There are examples of Islamic scholars being sold into slavery, and I have seen fac-simile reproductions of Arabic manuscripts written by them in places like Maryland. In the USA there were isolated Arabic scholars, but in the state of Bahía, Brazil, there were whole communities of them. The Arabic literature of Brazilian slaves is famous.

For example, if you google up “Yarrow Mamout”, you will probably find along with him more examples of Africans who had been highly educated or even royalty before being sold into slavery. Islam in West Africa ever since the time of the Almoravids had been associated with advancing literacy. So literacy and Islam tended to correlate throughout much of West Africa. The city of Timbuktu, noted in medieval times for its Muslim university, was a good example of the two thing co-occurring.

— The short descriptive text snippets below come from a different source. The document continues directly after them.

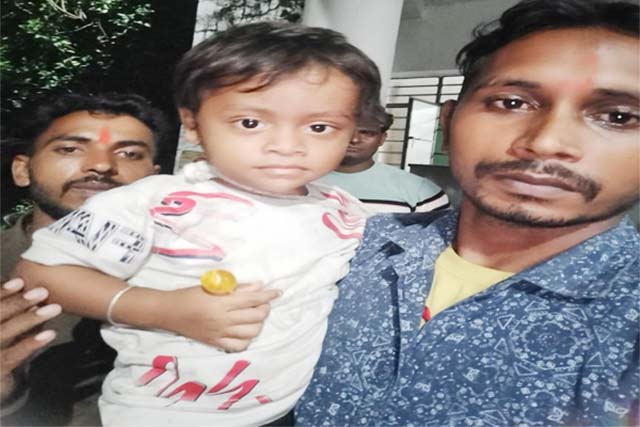 पड़ोसी के प्रेम में महिला ने दो साल के बेटे और पति को त्यागा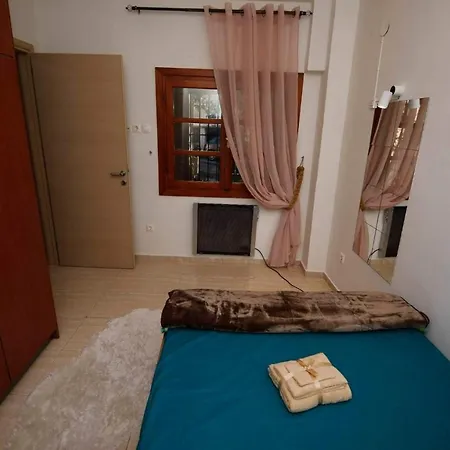 شقة διαμερισμα με κηπο στο κεντρο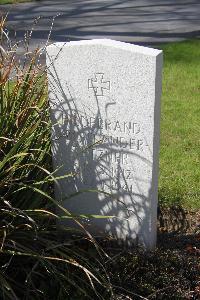 Thornaby-On-Tees Cemetery - Voigtlander-Tetzner, Hildebrand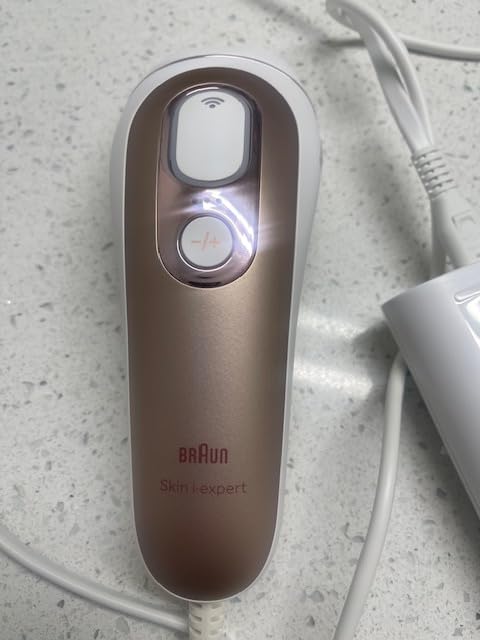 Braun Skin i-Expert Smart IPL PL7219 at Home Laser Hair Removal for Women and Men with App, Premium Pouch, Venus Razor, 2 Smart Heads, Facial Trimmer customer photo 2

That means a literate African slave in America was more likely to be Muslim.

Please see the information in this link:
http://www.journeytoislam.com/history/AMERICAN%20MUSLIM%20HISTORY.htm

Abdulrahman Ibrahim Ibn Sori was the name of an African prince who had been sold into slavery in America. He was freed in 1828 by order of Secretary of State Henry Clay and President John Quincy Adams and returned home.

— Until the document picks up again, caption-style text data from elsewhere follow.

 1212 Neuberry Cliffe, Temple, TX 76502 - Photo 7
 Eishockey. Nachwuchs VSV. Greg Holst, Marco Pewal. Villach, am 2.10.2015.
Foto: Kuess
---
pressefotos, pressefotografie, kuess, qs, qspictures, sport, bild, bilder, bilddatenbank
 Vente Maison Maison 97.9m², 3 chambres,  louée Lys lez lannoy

I have to question the credibility of any website that presents as an established fact that Malians were sailing up the Mississippi River in 1312.

Sold into slavery in America, or sold into slavery in Africa and transported to America?

I’m afraid I must agree.

While I’m sure some of those better established anecdotes are true ( definitely some Muslim slaves were brought to the New World, though less so to North America where the religion seems not to have sunk strong roots until much later ), that particular claim is pretty weak. Mali ( or any of the West African states for that matter ) was never any kind of seapower, witness the fact that virtually all trade traveled along inland caravan routes. The story is based on claims by Mansa Musa that his predecessor had financed huge expeditions ( first of 200 ships, then of 2000! ) into the Atlantic that had discovered a navigable river ( at its mouth, which would cover plenty of African rivers ) with a powerful current. A modest expedition somewhere is perhaps remotely possible, but I’d a lot sooner believe that at best they ended up heading south and found the Congo or even at a much more fantastical stretch the much, much closer Amazon, than the Mississippi.

  • Tamerlane

Large parts of the West African Atlantic coast are majority Muslim, in some cases such as Senegal and Mali over 90% of the population is. Some provinces in northern Nigeria have even incorporated sharia into the locxal legal code, which makes the news sometimes in reference to some unfortunate woman or another who gets victimized once by other members of her society and a second time by the legal system.

Incidentally less than 10% of the world’s Muslims are Arabs.